[RAW DATA]
____

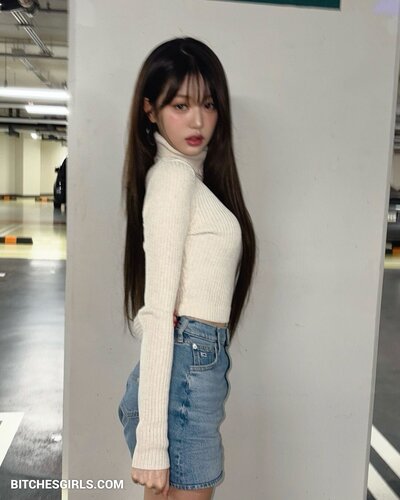 1576263941125862627868317994299910624 thumbnail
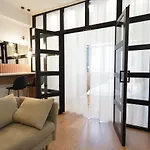 Glamorous Design Apartament In Calea Victoriei
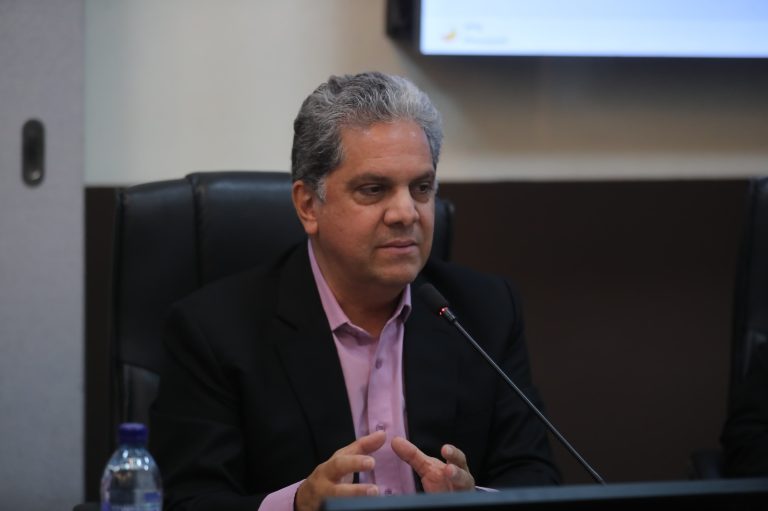 ministro de salud oscar cordon enfermedad neurogologica aguda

____

[WHAT IS BEING ASKED] Copy the data exactly. Any picture it contains is to be omitted.

[WORKED SOLUTION]
 1576263941125862627868317994299910624 thumbnail
 Glamorous Design Apartament In Calea Victoriei
 ministro de salud oscar cordon enfermedad neurogologica aguda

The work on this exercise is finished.